After splitting up with my partner I moved back to my mothers where myself and H___ lived. I left after approx 5 yrs ago but H___ has never settled in the flat as she prefers my mothers house (she has a double room etc and can get away with what she wants, and my mother feels its like a competition to win H___ over). How can I get to grips with H___ when she is permanently at my mothers! My mother has had enough of her rudeness also and after years of rowing between my mother and I over H___ we are now beginning to stand together. I am a single parent, working as a construction manager in a male dominated industry and currently undertaking a degree, struggling to pay the bills. I have sacrificed alot for H___ and given her absolutely everything I now realise this was wrong. I wanted her to grow up with family around her not with just me to stimulate her and now I feel that it has all bitten me in the backside.

H___ is now at my mothers thinking that it is another battle won and she has got away with her behaviour this weekend and will hang in there until she falls out with my mum and then will seek cover in my house with me. I bought you ebook last night and read over it. For the 1st weeks assignment I can do this but how do I deal with what has happened this weekend do I just let it go?
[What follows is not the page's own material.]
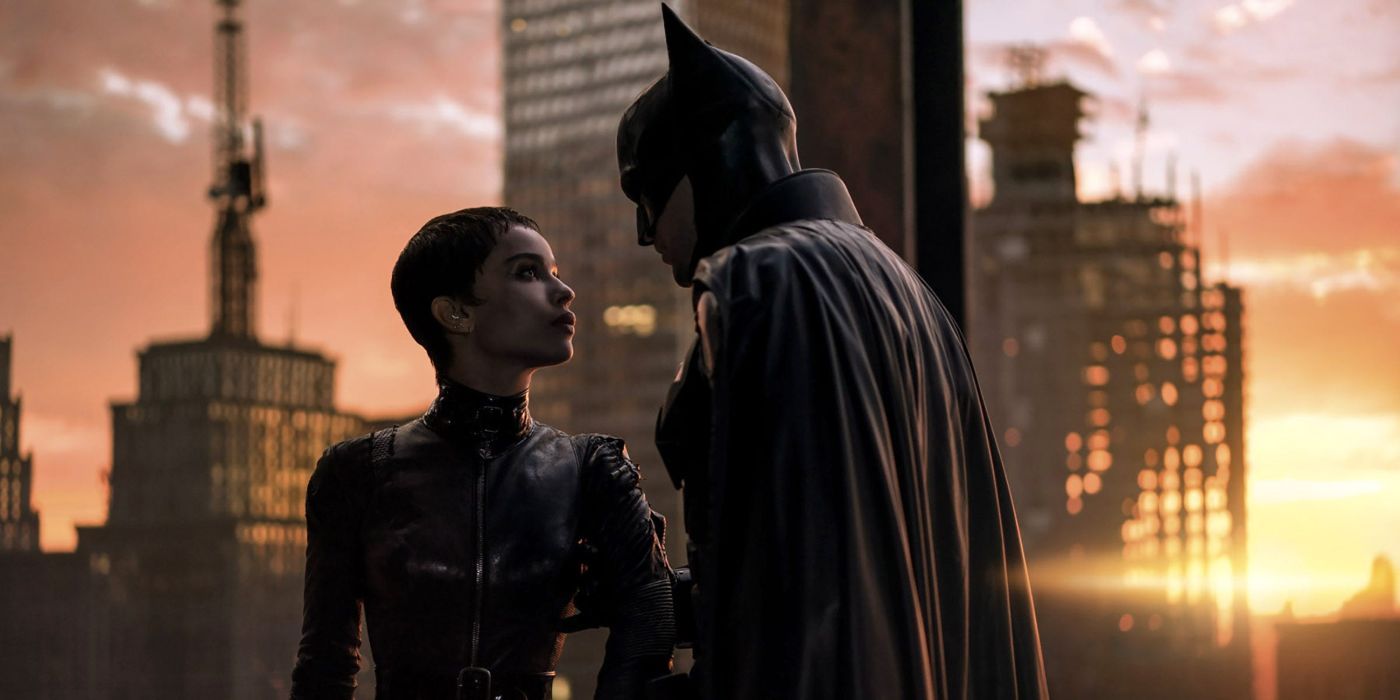 The Batman Screen Shot with Batman and Catwoman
At the moment I physically cannot, I can't even bring myself to look at her even though I love her so much and wonder how has all this happened, what did I do so wrong.

It is her 13th birthday next Saturday I don't even feel like buying her a present and normally I would be in debt just to give her everything she wants although she is not grateful for anything and is quite rude to other members of the family if she feels it is a 'cheap' present. She will never write anyone a card for their birthday and wont even wrap a present, she does not chores. My mother runs round her and then she expects me to do the same and I do as I want to make her happy (which sounds pathetic as I am not helping her to be independant).

What do I do now. She is in my mothers how do I deal with her discipline. What should I do about her birthday? I don't think I should launch straight into the 1st set of assignments and let this go as it is too big an issue to have Police round my flat.

H___ is fine in school, she has never been in any trouble, I know in comparison I should be grateful but if I don't sort this now it could lead to something worse. I feel like I have failed big time as a parent when all I ever wanted was to be a good parent and work and be a good role model I guess i'm trying to be the super mom.

Please help I should be out on site as we are handing over the building and I can't think about anything I feel TOTALLY DEPRESSED.